● **Task directions**
Transcribe, leaving out every picture, the lines that run from the start of the listing below through the line with "Tipi di pionieri, bovari".

*** Begin section ***

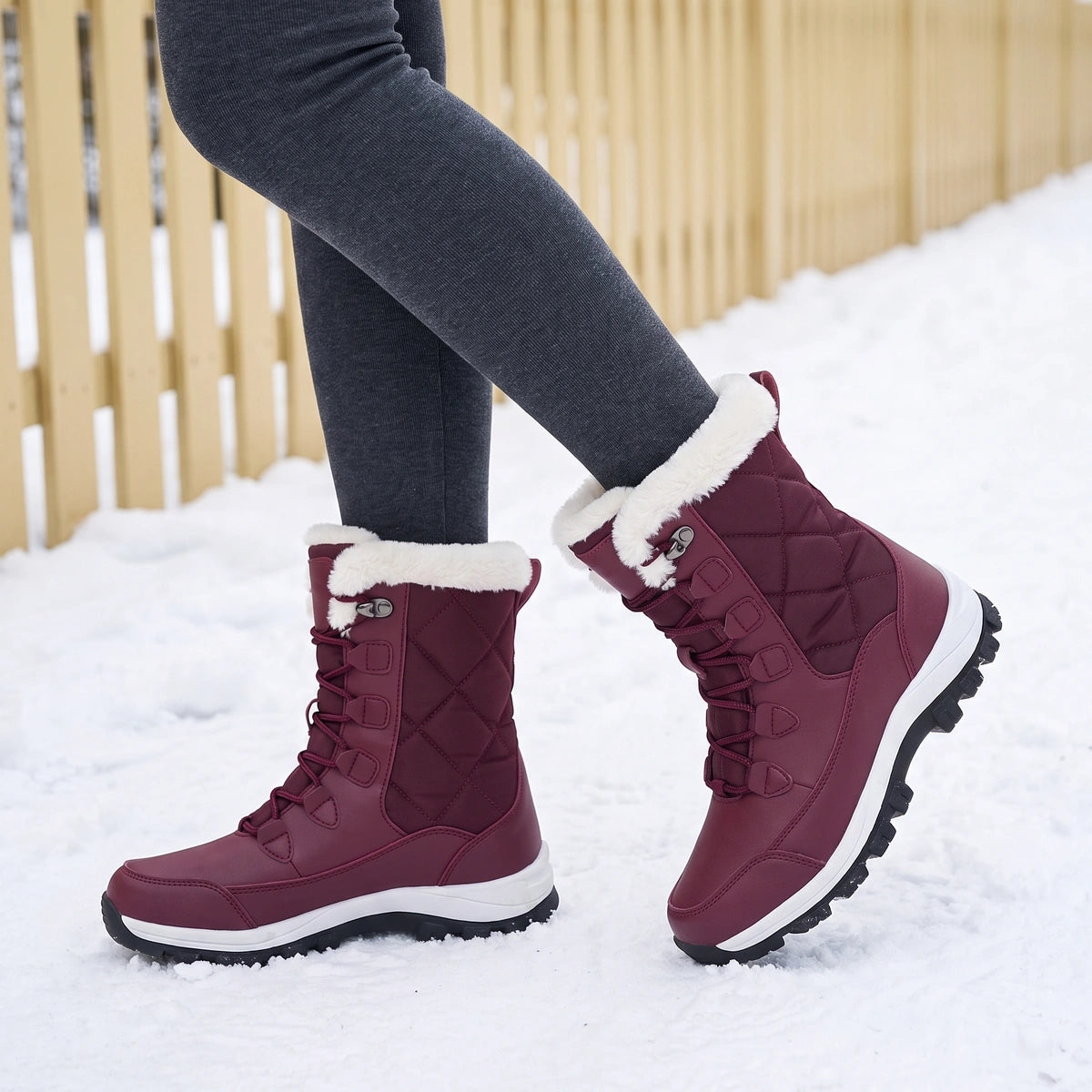 Frances Quilted Thermal Winter Boots - Red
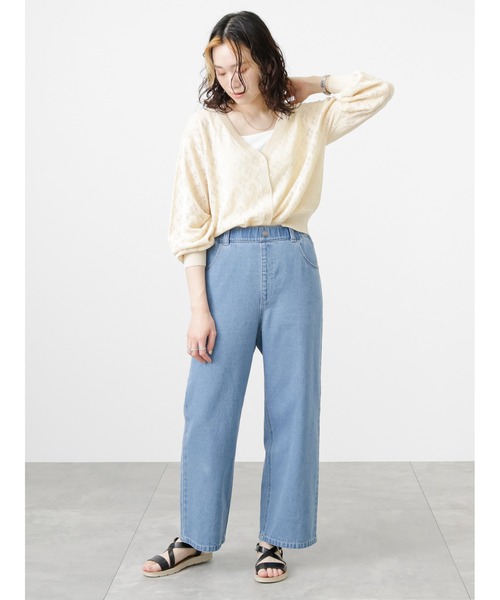 Samansa Mos2 blue(サマンサモスモスブルー)の「透かしカーディガン(カーディガン/ボレロ・レディース・キナリ/サックスブルー/ライトベージュ・フリ-)」の7枚目の写真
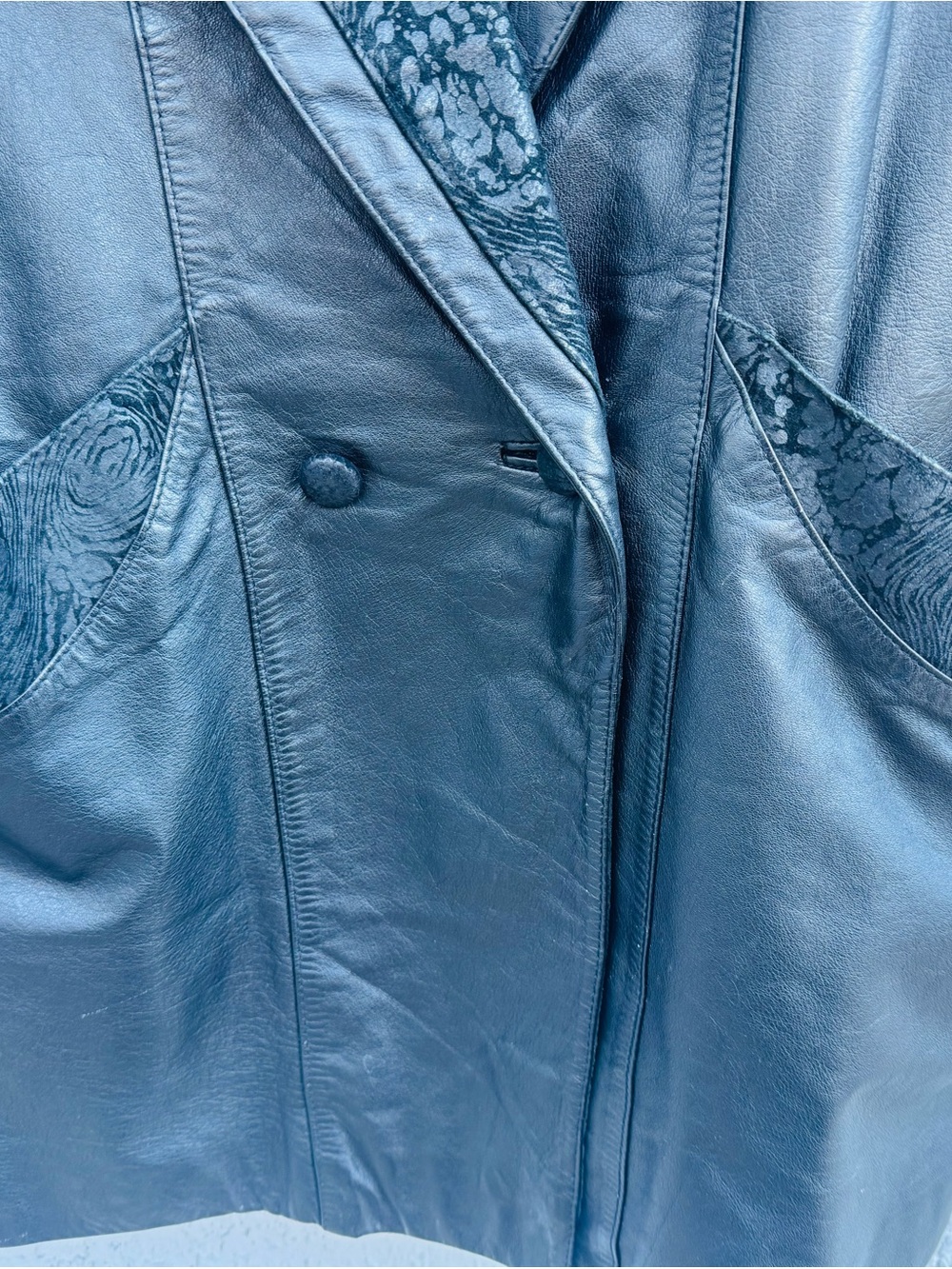 Vintage Byrnes & Baker Black Leather Coat Oversized Women’s S/M/L Gothic/ Vampir - Picture 6 of 11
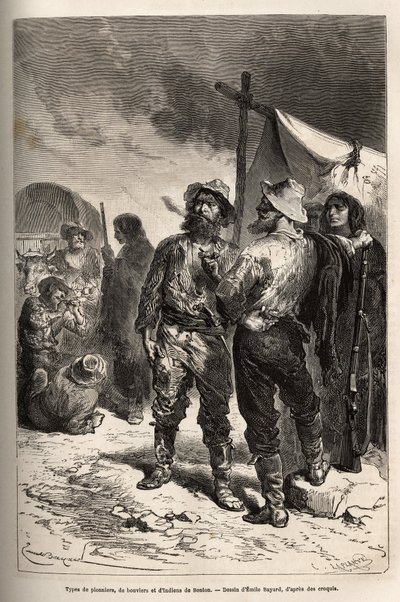 Tipi di pionieri, bovari e indiani di Benton (Montana), incisione dal disegno di Emile Bayard, illustrando il viaggio da Washington a San Francisco, nel 1868, di L. Simonin, pubblicato in "Le tour du monde" 1874 da Emile Antoine Bayard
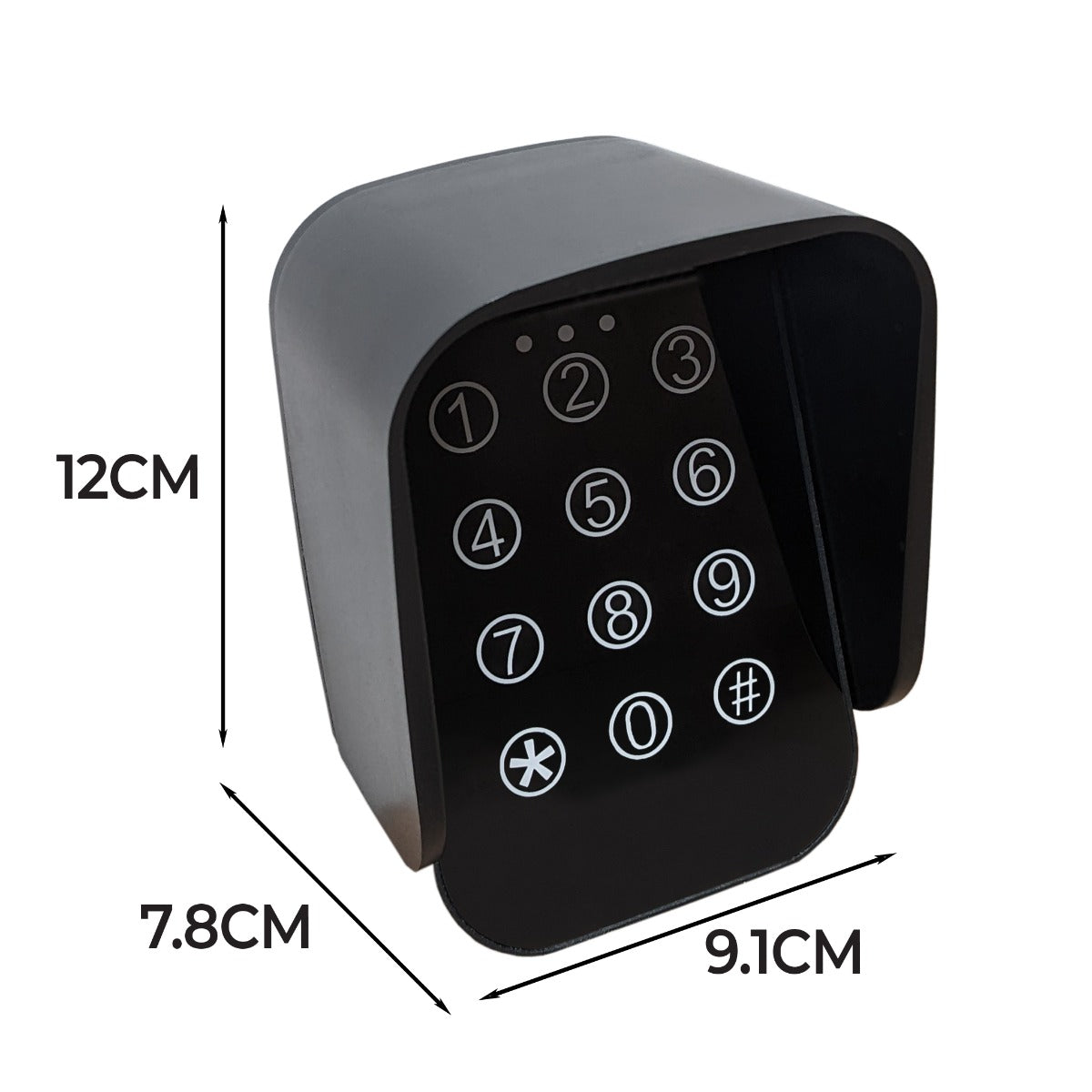 Tastiera wireless per cancello a battente T-Mech, design elegante in plastica nera, tasti retroilluminati, dimensioni compatte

*** End section ***

● **Task result**
 Frances Quilted Thermal Winter Boots - Red
 Samansa Mos2 blue(サマンサモスモスブルー)の「透かしカーディガン(カーディガン/ボレロ・レディース・キナリ/サックスブルー/ライトベージュ・フリ-)」の7枚目の写真
 Vintage Byrnes & Baker Black Leather Coat Oversized Women’s S/M/L Gothic/ Vampir - Picture 6 of 11
 Tipi di pionieri, bovari e indiani di Benton (Montana), incisione dal disegno di Emile Bayard, illustrando il viaggio da Washington a San Francisco, nel 1868, di L. Simonin, pubblicato in "Le tour du monde" 1874 da Emile Antoine Bayard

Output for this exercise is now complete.